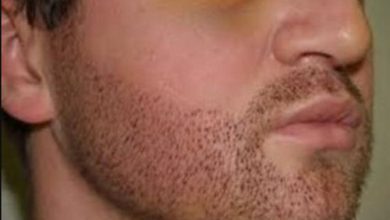 Photo of Get Permanent Natural Look Through Facial Hair Transplant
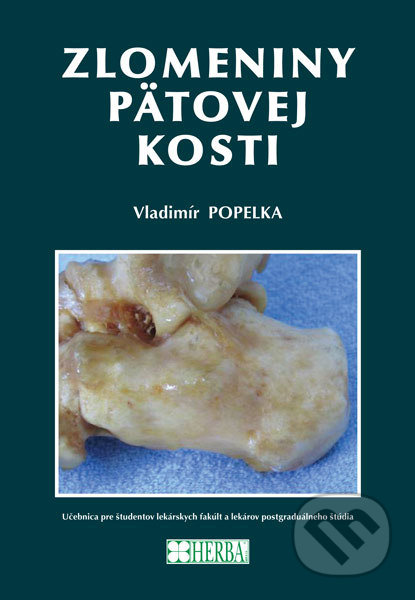 Kniha: Zlomeniny pätovej kosti (Vladimír Popelka). Herba, 2016 Kniha: Zlomeniny pätovej kosti (Vladimír Popelka). Herba, 2016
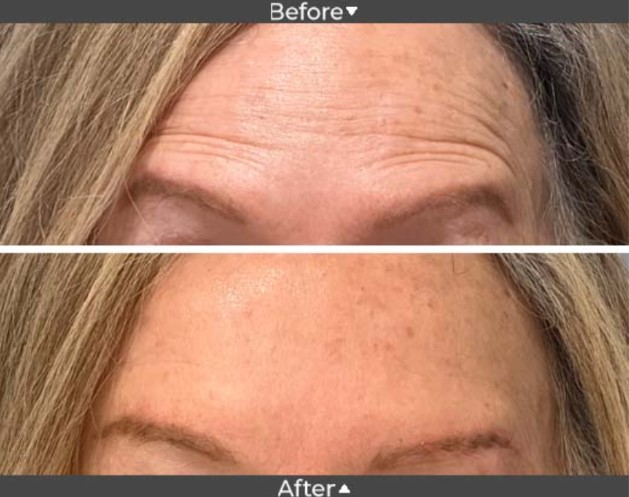Botox Result 1 Botox Result 1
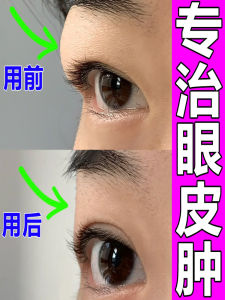 Swelling Eye Bubble Removing Swelling Eye Allergy Edema Eyelid Detumescence Handy Gadget Eyes Staying up Late Red Swelling Inflammation Special Anti-Fat Patch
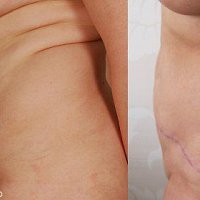 odstranění převisu břicha - abdominoplastika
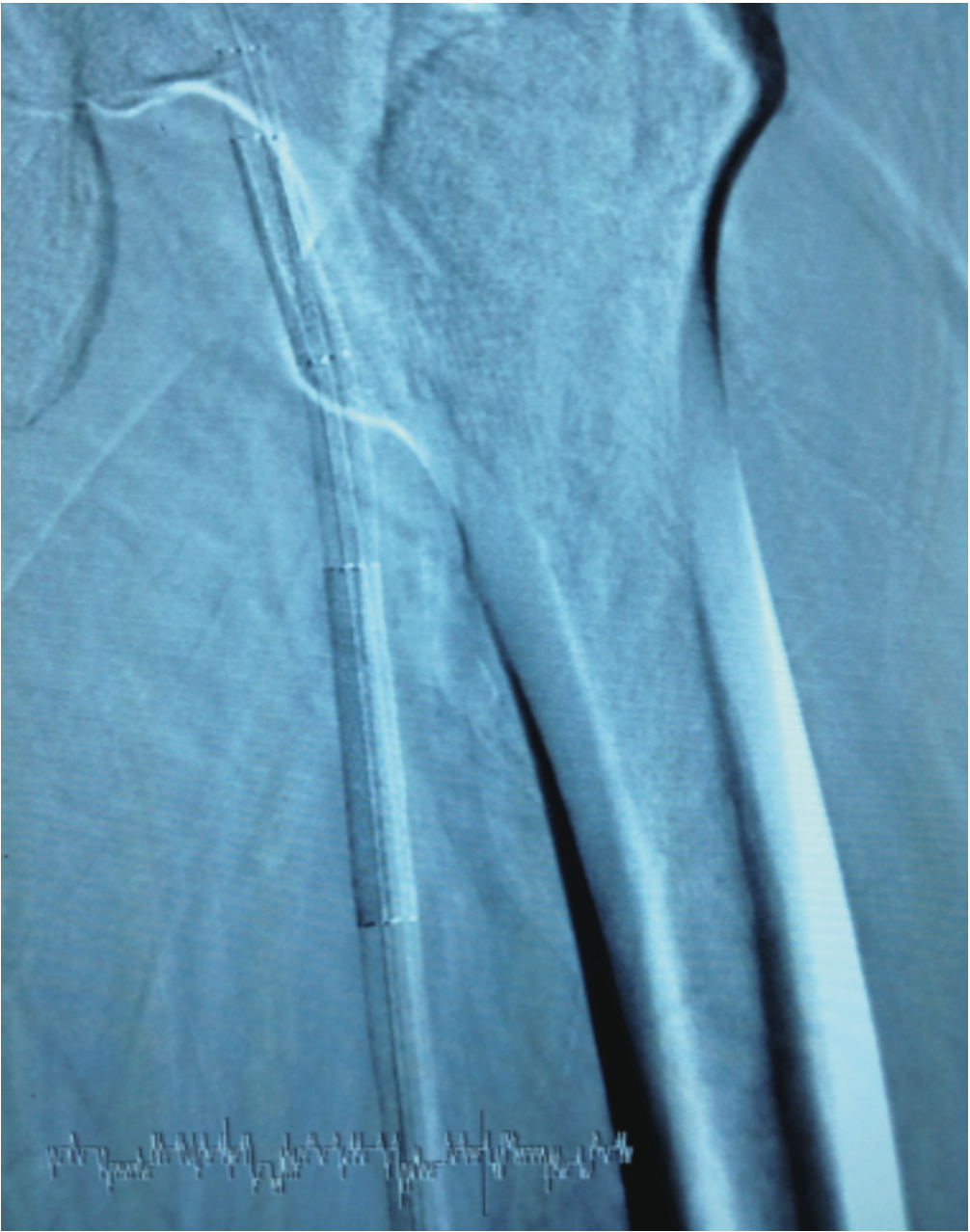 Grullon Critical Limb Ischemia Figure 6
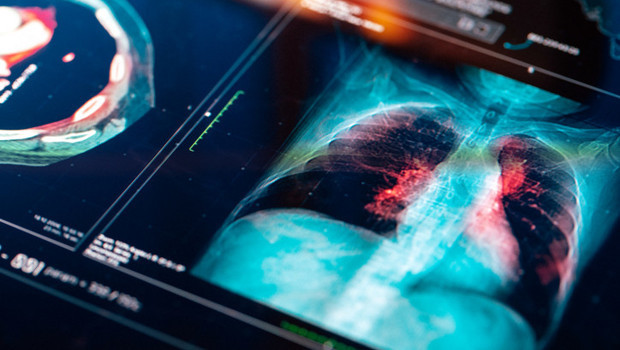 Akciğerde çığır açan keşif: Hücrelerin ‘onarım düğmesi’ bulundu! ‘Süreci tersine çevirebilme potansiyeli taşıyor’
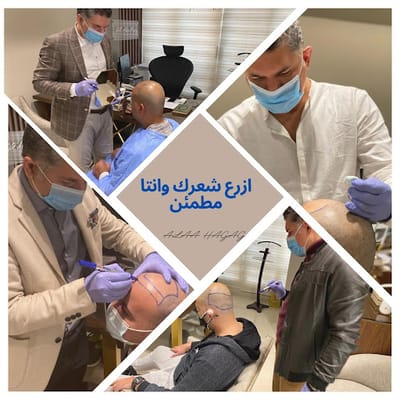 أفضل دكتور زراعة شعر في السعودية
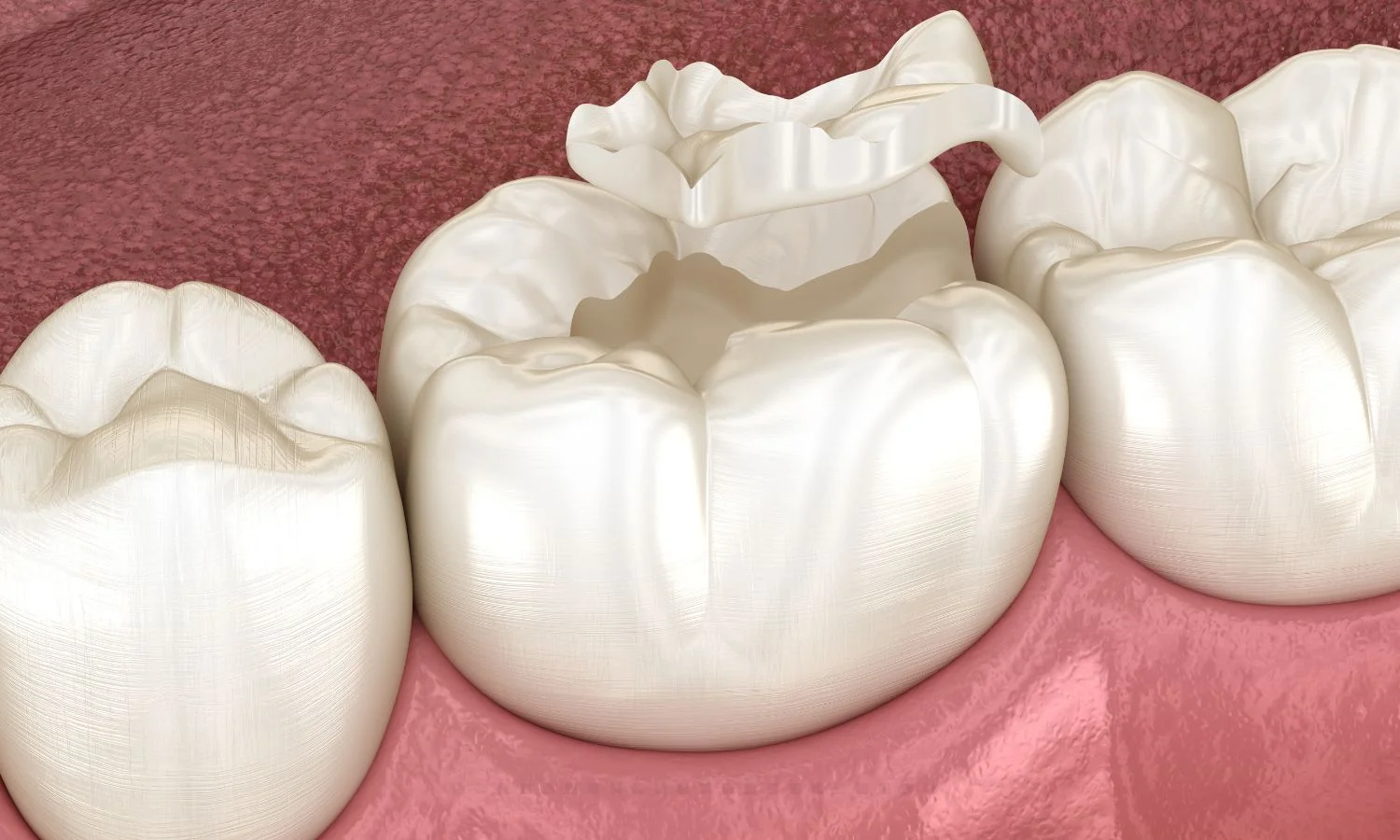 cracked tooth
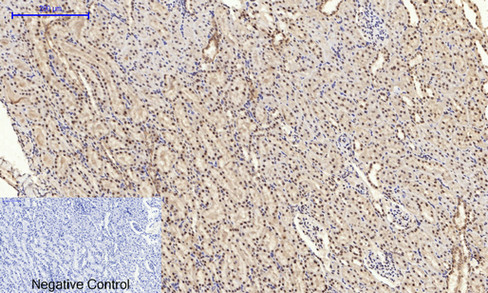 14 - NFκB-p65 (phospho Ser529) Polyclonal Antibody AP67121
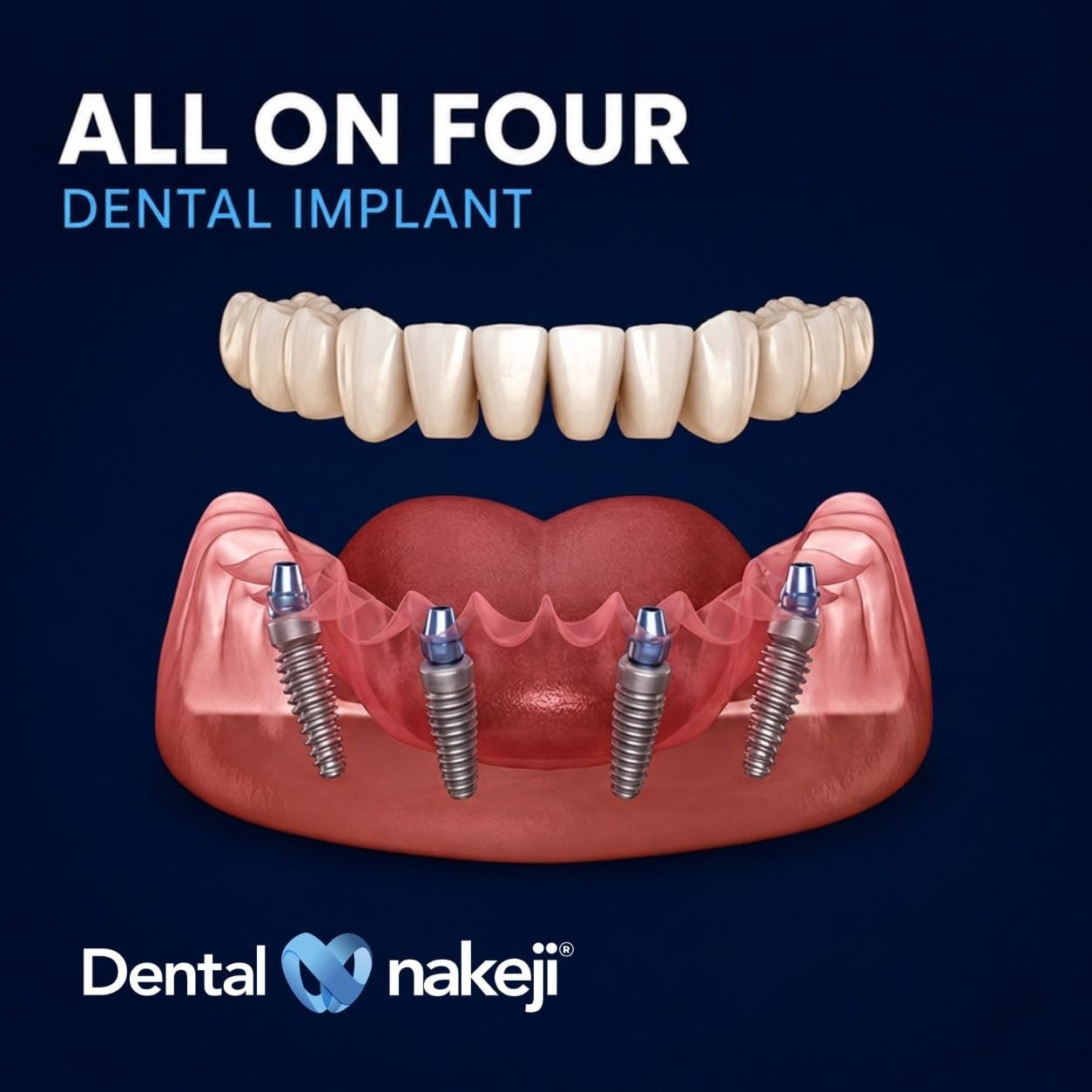 Promoción dental 2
****************
▶ [Your instructions]: Once the line containing "cracked tooth" has been copied, stop; everything from the first line of the data up to it must be copied exactly, without pictures.

▶ [Solution to this task]:
 Photo of Get Permanent Natural Look Through Facial Hair Transplant
 Kniha: Zlomeniny pätovej kosti (Vladimír Popelka). Herba, 2016 Kniha: Zlomeniny pätovej kosti (Vladimír Popelka). Herba, 2016
Botox Result 1 Botox Result 1
 Swelling Eye Bubble Removing Swelling Eye Allergy Edema Eyelid Detumescence Handy Gadget Eyes Staying up Late Red Swelling Inflammation Special Anti-Fat Patch
 odstranění převisu břicha - abdominoplastika
 Grullon Critical Limb Ischemia Figure 6
 Akciğerde çığır açan keşif: Hücrelerin ‘onarım düğmesi’ bulundu! ‘Süreci tersine çevirebilme potansiyeli taşıyor’
 أفضل دكتور زراعة شعر في السعودية
 cracked tooth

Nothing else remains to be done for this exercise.